*What you have to do:* Could the data below be printed out exactly, with the pictures left out?

Captioned web image data
━━━━━━

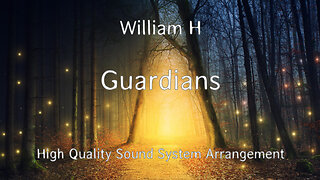 Willem Hubertus - Guardians [Electronica]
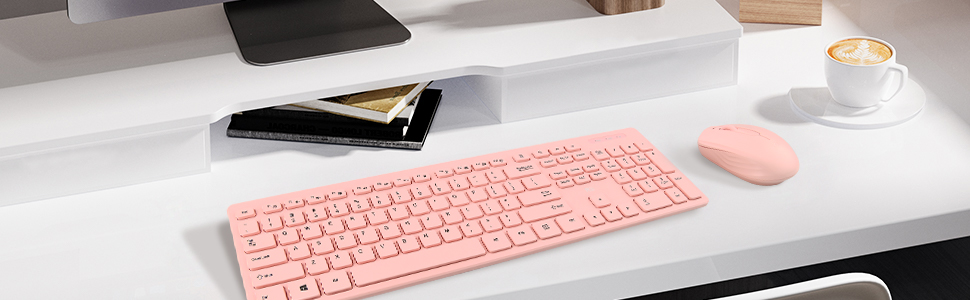 KEYBAORD AND MOUSE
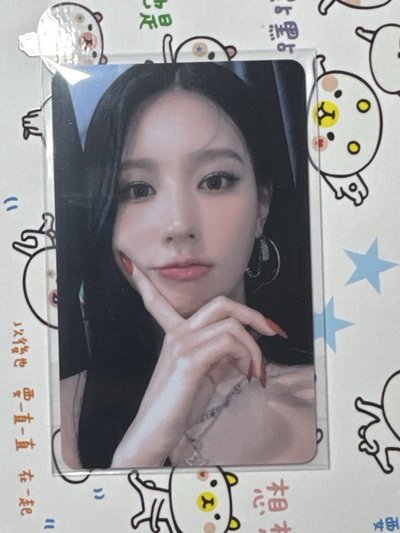 迷六wm3.0特典卡(pvc材質）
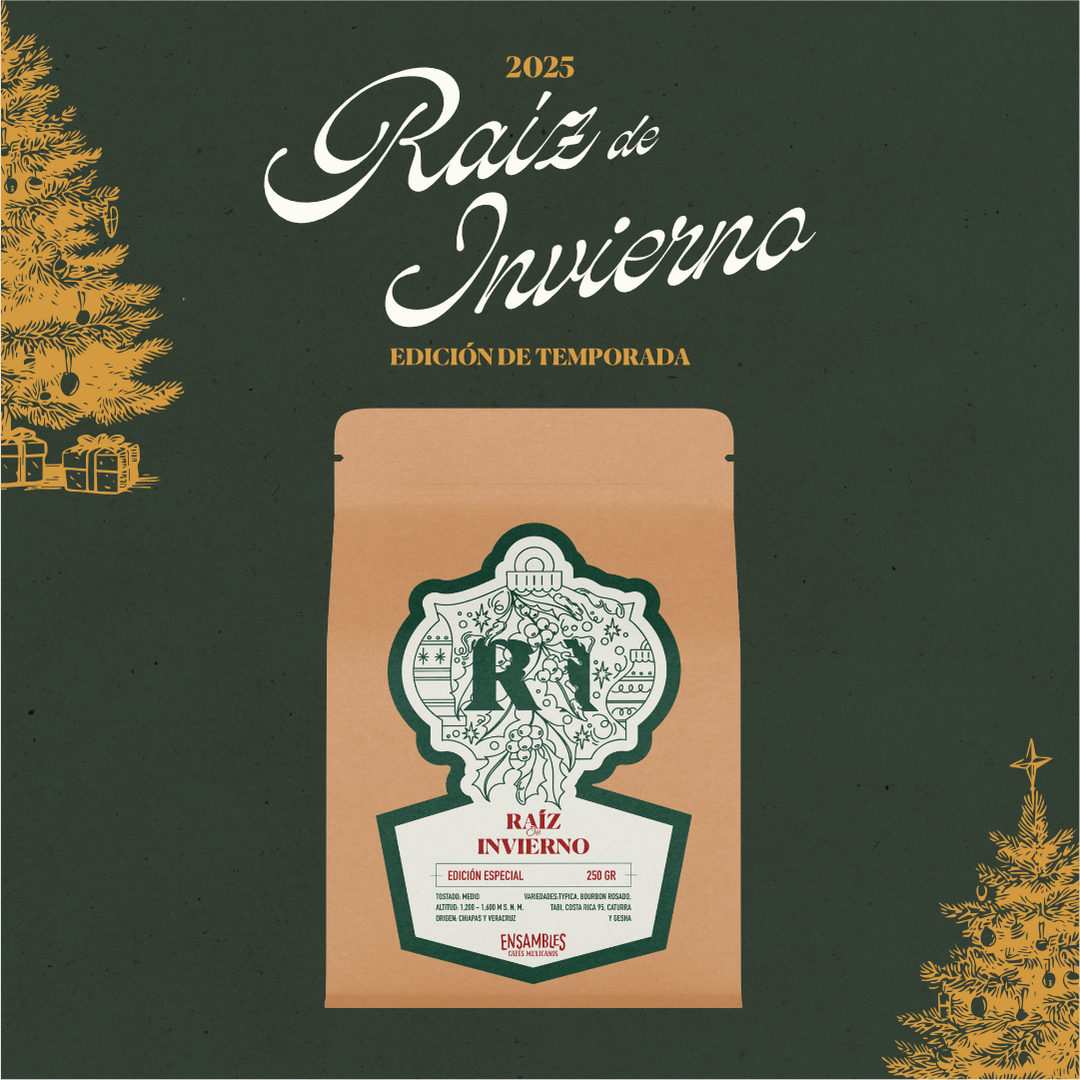 Raíz de Invierno - Café de Especialidad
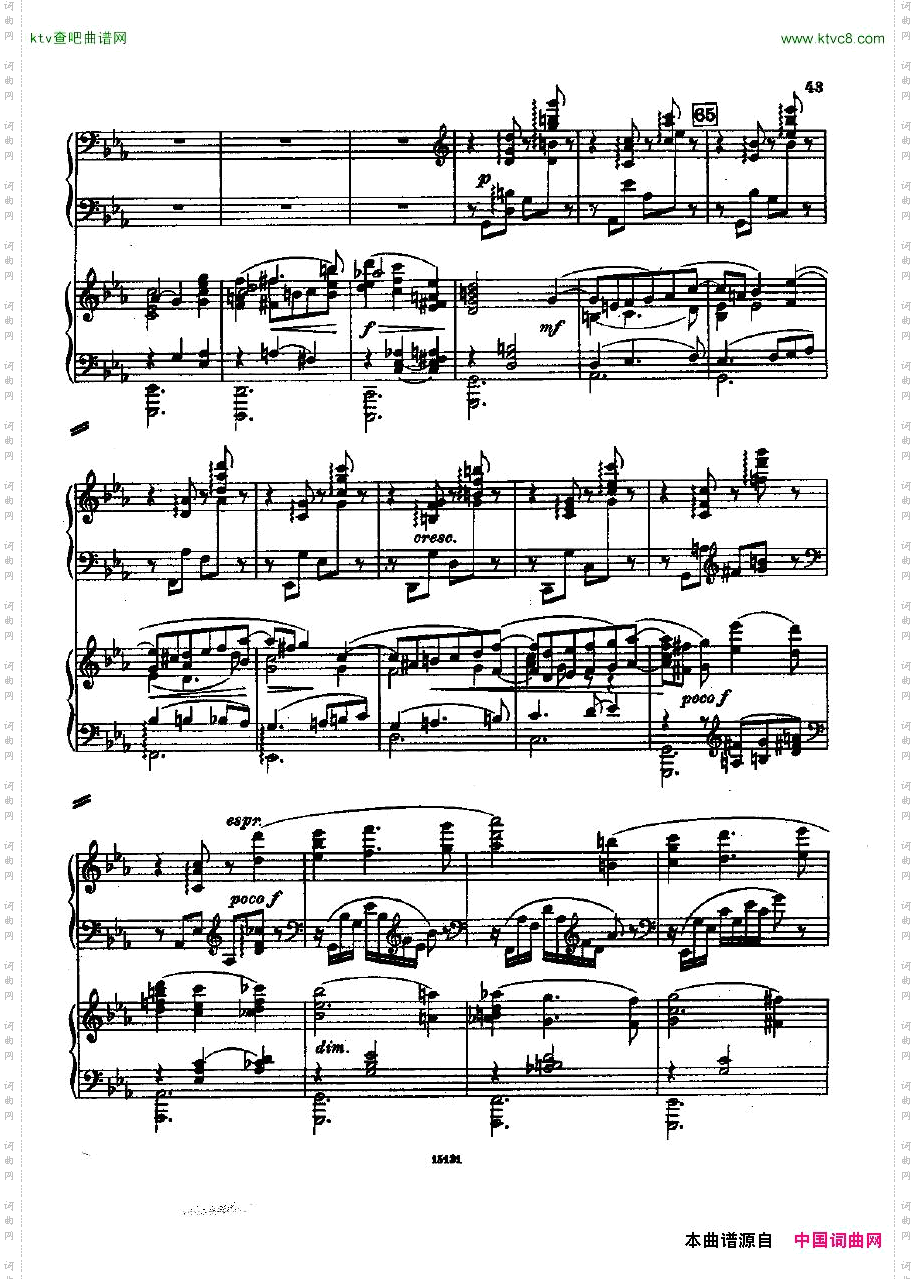 Dohnanyi_Variations_Nursery_Rhyme_Op25二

━━━━━━

*Response to this task:*
 Willem Hubertus - Guardians [Electronica]
 KEYBAORD AND MOUSE
 迷六wm3.0特典卡(pvc材質）
 Raíz de Invierno - Café de Especialidad
 Dohnanyi_Variations_Nursery_Rhyme_Op25二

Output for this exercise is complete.